Happy Friday guys! I hope you had a lovely week and if you have had a week like mine, then you are SO ready for the weekend!
I have had this post on my mind for quite a few days – so today, is the day, when I try to write out whats been happening inside my head.
Balance – The coveted “B” word. Am I right, ladies and gents? I mean, whether you are a stay-at-home mom/dad, working mom/dad, or not even a parent but a student, business owner, entrepreneur – literally anything, you are for sure struggling with the “B” word. You are struggling between stabilizing your excessive caffeine intake and your needs of self-care. You are struggling with catching up on your inbox, which is flooded with unread messages and also making sure the dishwasher is unloaded and then loaded yet again for the third time. You are struggling with willing yourself to get out of bed before the kids so you can get in some quite coffee time all the while wrangling kids out the door to make it to school drop off on time. You are struggling with the comparison vortex you get sucked into every time you see an “influencer” post photos of their perfect white home, with white couches and pretty christmas decor while you try and get your child to not take apart your coffee table centre piece because she has decided the coffee table is now a chair (yes thats my personal story!).
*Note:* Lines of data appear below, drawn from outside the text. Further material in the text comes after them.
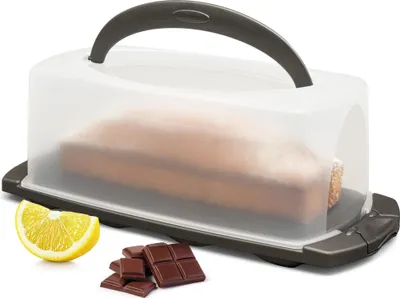 Produktbild von Kuchen Transportbox Kastenform, Kastenkuchen Transportbox rechteckig mit Deckel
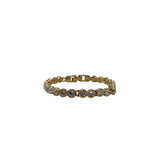 SWAROVSKI RET$269 CZ TENNIS BRACELET 18K GOLDFINISH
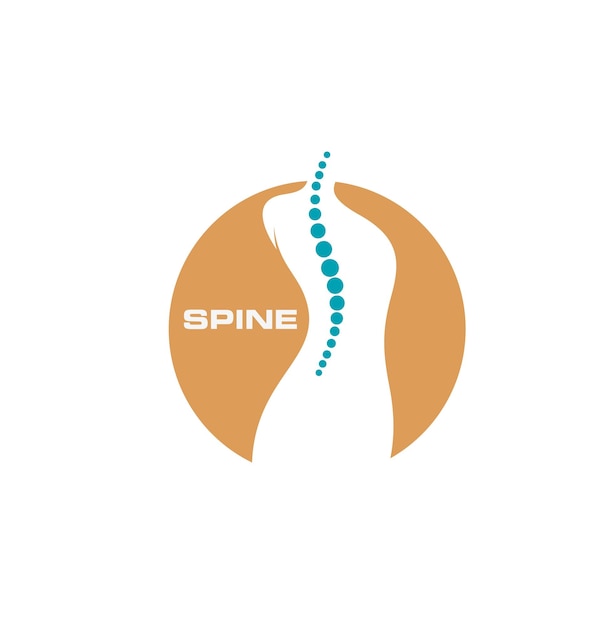 Chiropractic spine pain physiotherapy body icon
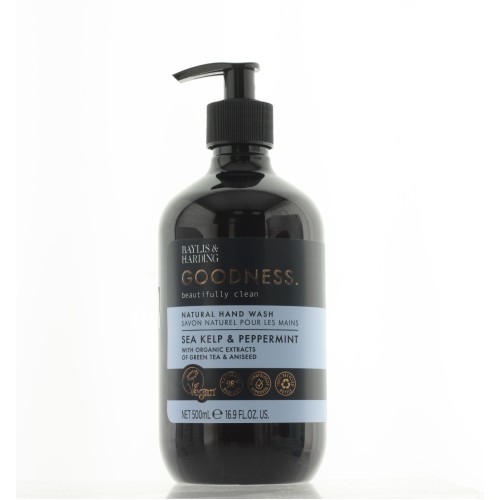 BAYLIS & HARDING KELP&PEPPERMINT HAND WASH 500ML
In short, we are ALL struggling with BALANCING something or the other in our lives. And I hate to break it to you guys, BALANCE is the most over rated word and BALANCE in life does NOT exist…. at least not in mine and that is what I have come to accept in the recent months. When I think I am doing an excellent job at being a PhD student AND a mom, something else is giving i.e. self care. I had the worst shoulder and back pain about a month ago.. so I booked a massage appointment to get some “me” time in. I think I cried for the whole hour that the sweetest RMT worked on my shoulders with the lightest possible pressure. She asked me to move my hand back to touch the spot between my shoulder blades.. you guys, I couldn’t even get it past the mid section of my back! The RMT told me that I would have to come back twice a week for the next three weeks to get my shoulder and arm mobility back and take a break from working on the computer (i.e. SCHOOL, BLOG etc) and lifting heavy things (i.e. people aka my daughter)… a real life example of how my body was suffering as a consequence of my attempt to do it all! no such thing as doing it all – sadly!
The other night, I was chatting with my husband about how I just had to unfollow someone on Instagram because watching their decor process brought up feelings of not doing it right or not having a pretty enough house – anyone else with me when you watch stories? It may seem silly or even petty – but it truly has been a struggle for me in realizing that every person on social media is at a different season in their life. My life is not directly comparable to any single person’s out there because my life, situation, income, children, family etc are all MINE – and not theirs. What is it that they say? Comparison is the thief of joy? Well.. comparison had been robbing me of self-satisfaction as well while I struggled to balance it all. Personally, for me, it was one specific person on Instagram whom I adore. But I couldn’t abate my own feelings of anxiety and the only way to reign in my anxiety was to just hit unfollow.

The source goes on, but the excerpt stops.